Pour tous les protagonistes, l’affaire semble de toute façon déjà entendue. La présidente le laisse clairement entendre : « Vous devez sortir de prison en avril 2015, il va y avoir un petit « rajout ». » Elle demande ensuite ce qu’il compte faire en sortant de prison. Le prévenu répond une évidence : « Je ne peux pas faire de projets alors que je ne sais pas quand je vais sortir ».

Le réquisitoire de la procureure est expédié en quelques minutes. Cette dernière martèle son « incompréhension » vis-à-vis du prévenu, qui « s’est échappé de sa semi-liberté alors qu’il était proche de la fin de sa peine. Mais depuis le début, il n’avait pas respecté le contrat, multipliant les incidents : horaires, etc ». Elle précise que pour elle le prévenu a bénéficié de beaucoup de clémence malgré « des antécédents gravissimes ». Et même s’il s’est effectivement rendu de lui-même à la gendarmerie, elle considère qu’il n’a de toute façon pas « respecté le contrat ». Six mois de prison sont requis.

(14h25) L’avocat du prévenu, d’un certain âge, est quasiment inaudible.
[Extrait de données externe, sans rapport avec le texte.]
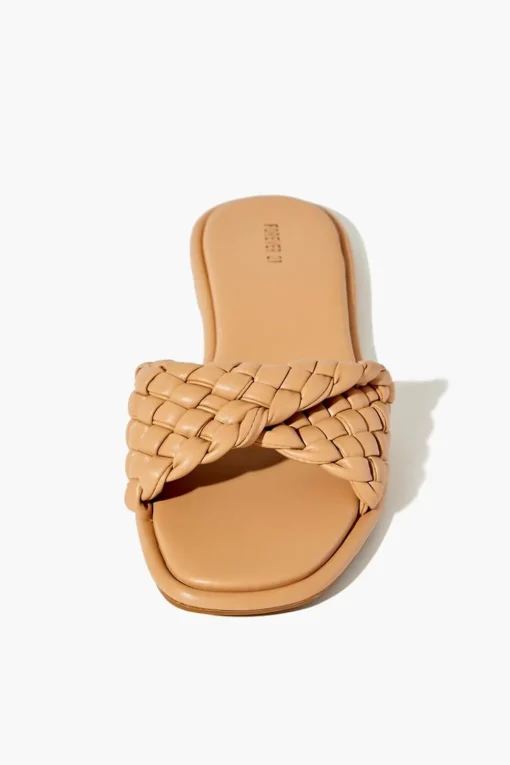 Braided Open-Toe Sandals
Tout juste arrive-t-il à faire comprendre que son client a des circonstances atténuantes : « On sent bien que c’est un garçon fragile et qu’il a besoin d’un accompagnement psychologique ». Il ajoute que son client a passé son bac en prison, ce qui n’est pas rien, surtout pour un jeune homme qui « a passé la majeure partie de sa vie » derrière les barreaux. Il insiste sur une enfance malheureuse et termine en rappelant une fois encore « qu’il est revenu de lui-même (à la gendarmerie) ».

À 14 h 35, après une délibération, M. Baccouche est finalement condamné à cinq mois de prison supplémentaires. Son léger rictus montre bien qu’il n’est plus à ça près. Conclusion piquante de la présidente : « Cela vous convient (sic) ? Allez, disparaissez et quand vous sortez, tenez-vous à carreau hein ! ».